Attack of the Timelord!, also known as Terrahawks, is a 1982 fixed shooter video game by Ed and Linda Averett for the Magnavox Odyssey², known in Europe as the Philips Videopac G7000. The player takes the role of a time machine defending against the titular Timelord, Spyrus the Deathless. It was published by Philips who also released it for the Philips Videopac+ G7400. It is compatibile with "The Voice" expansion module for the Odyssey². In Europe, it was released as Terrahawks, based off the Terrahawks television series.

== Gameplay ==
Attack of the Timelord is a fixed shooter in which the player controls a time machine in outer space. At the beginning of each round, Spyrus the Deathless, the Timelord of Chaos appears and creates a time warp in the center of the screen in which enemy time ships appear. These enemy ships form a line that travels around the screen like a snake. Players can destroy individual time ships to earn points and destroying all the time ships on screen will start the next round. Each round, enemy ships become stronger and unlock weapons including missiles, antimatter mines, and player-seeking Annihilators and Nucleonic Time Killers.

If the player is using "The Voice" expansion, each time that the Timelord appears will be accompanied by a voice clip. The Timelord can say a number of different lines including "the earth will be mine" and "defend your world". If the player attains a high enough level, the Timelord will compliment the player with lines like "a commendable defense".

In the European version, the Timelord is replaced with Zelda, the main villian of the Terrahawks television series. Zelda is attacking the Terrahawks base, the Hawknest, and the player is tasked with defending it.

== Development and release ==
The game was designed by husband and wife Ed and Linda Averett and initially developed under the working title Snake Ships from Sirius. The snake-like path of the enemy ships took several months of development on their own.

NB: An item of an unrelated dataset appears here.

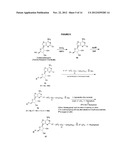 FLUORESCENT MOLECULAR PROBES FOR USE IN ASSAYS THAT MEASURE TEST COMPOUND     COMPETITIVE BINDING WITH SAM-UTILIZING PROTEINS diagram and image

In Europe, Philips signed a licensing agreement with Gerry Anderson, the producer of Thunderbirds, to sell games based on the then-upcoming series Terrahawks. Philips was already in development on Attack of the Timelord! and decided to market the game as Terrahawks for the British market. The game was set to be debut in Europe at the same time as the TV show in October 1983. Outside of the UK, the game was also released for the Philips Videopac+ G7400 where it received enhanced graphics.

== Reception ==

Electronic Games called the game a "technological achievement" and called it one of the best new video games on store shelves. Alan R. Bechtold and Mike Wilson of The Logical Gamer both thought that while the gameplay was smooth, the graphics were subpar for the time and the voice synthesis added little to the experience. Electronic Fun with Computers & Games agreed that the voice synthesis added little and called the game "a poor man's version of Space Invaders". The Video Game Update recommended the game and found the voice samples to be a good "pat on the back" for players.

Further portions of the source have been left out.